Os Espíritos sofredores ligam-se aos que oram por eles, como o ser reconhecido àquele que lhe faz bem. Essa mesma viúva do Malabar compareceu várias vezes às nossas reuniões sem ser chamada; dizia vir para instruir-se. Acompanhava-nos até mesmo na rua, conforme constatamos com o auxílio de um médium vidente. O assassino Lemaire, cuja evocação relatamos no número do mês de março de 1858, evocação que, diga-se de passagem, tinha excitado a verve trocista de alguns cépticos, esse mesmo assassino, infeliz, abandonado, encontrou em um de nossos leitores um coração compassivo, que teve piedade dele; muitas vezes veio visitá-lo e procurou manifestar-se por todos os tipos e meios até que essa pessoa, tendo tido ocasião de esclarecer-se sobre essas manifestações, soube que era Lemaire, que lhe queria testemunhar o seu reconhecimento. Quanto teve oportunidade de externar seu pensamento, disse-lhe: “Obrigado, alma caridosa! Eu me achava só com os remorsos de minha vida passada e tivestes piedade de mim; estava abandonado e pensastes em mim; encontrava-me no abismo e me estendestes a mão! Vossas preces foram para mim como um bálsamo consolador; compreendi a enormidade de meus crimes e peço a Deus que me conceda a graça de os reparar em uma nova existência, onde possa fazer tanto bem quanto fiz de mal. Obrigado outra vez, muito obrigado!”

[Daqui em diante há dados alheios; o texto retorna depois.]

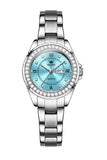 OLEVS Luxury Stainless Steel Women's Watch - Silver & Blue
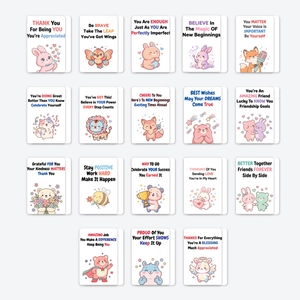 Cartes de Motivation Animaux de Dessin Animé Cartes d'Affirmation Positive pour Enfants Étudiants Notes de Boîte à Déjeuner École Bureau Cadeau
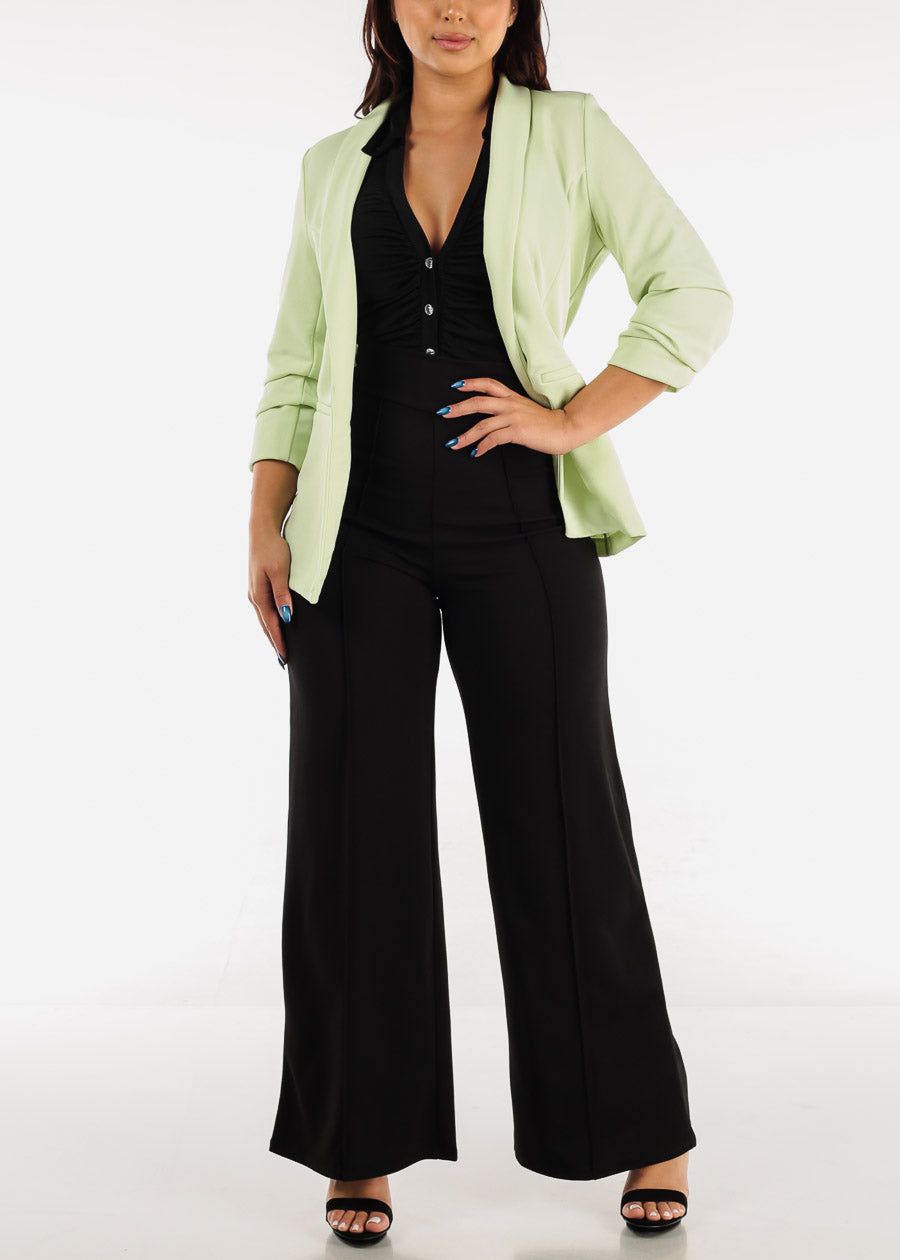 Quarter Sleeve Notched Collar Blazer Light Green sold by Moda product image thumbnail 2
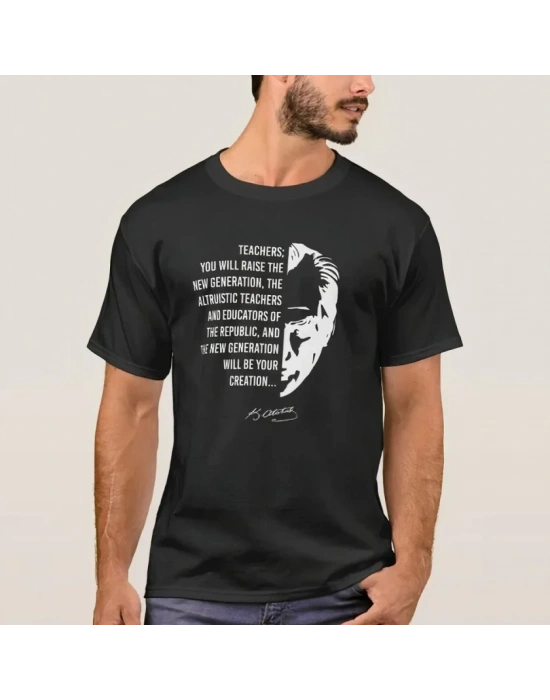 24 Kasım Öğretmenler Günü Temalı Baskılı Bisiklet Yaka Tshirt  iyah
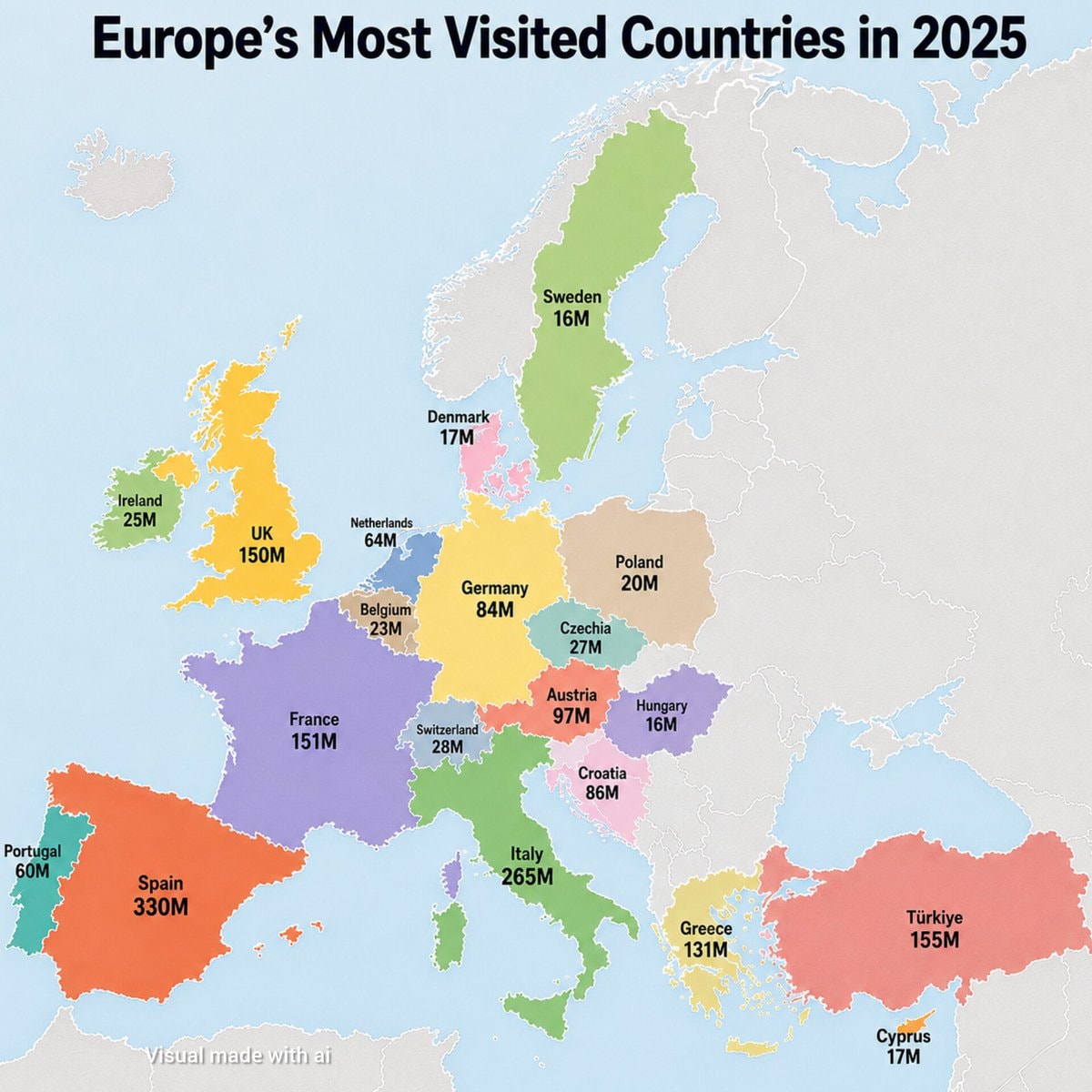 Europe Most Visited Countries 2025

4. — Eis a opinião atual de um ilustre ministro protestante, o Sr. Adolphe Monod, n morto em abril de 1856, sobre os efeitos da prece:
“O Cristo disse aos homens: “Amai-vos uns aos outros”. ( † ) Essa recomendação encerra a de empregar todos os meios possíveis para testemunhar afeição aos nossos semelhantes, sem por isso entrar em detalhes quanto à maneira de atingir esse objetivo. Se é verdade que nada pode desviar o Criador de aplicar a justiça, de que ele próprio é modelo, a todas as ações do Espírito, não é menos verdade que a prece que lhe dirigis, em favor daquele por quem vos interessais, é para este último um testemunho da lembrança que não poderá senão contribuir para aliviar-lhe os sofrimentos e o consolar. Desde que testemunha o menor arrependimento, só então é socorrido; mas não lhe deixam jamais ignorar que uma alma simpática dele se ocupou. Esse pensamento o incita ao arrependimento e o deixa na doce persuasão de que a sua intercessão lhe foi útil. Disso resulta, necessariamente, de sua parte, um sentimento de reconhecimento e de afeto por aquele que lhe deu esta prova de consideração e de piedade. Consequentemente, o amor recomendado pelo Cristo aos homens não fez senão crescer entre eles; ambos obedeceram à lei de amor e de união entre todos os seres, lei de Deus que deve conduzir à unidade, que é a finalidade do Espírito.”
— Nada tendes a acrescentar a estas explicações?
Resposta. – Não; elas encerram tudo.
— Agradeço-vos por haverdes por bem no-las transmitir.
Resposta. – Para mim é uma felicidade poder contribuir para a união das almas, união que os bons Espíritos procuram fazer prevalecer sobre todas as questões de dogma que as dividem.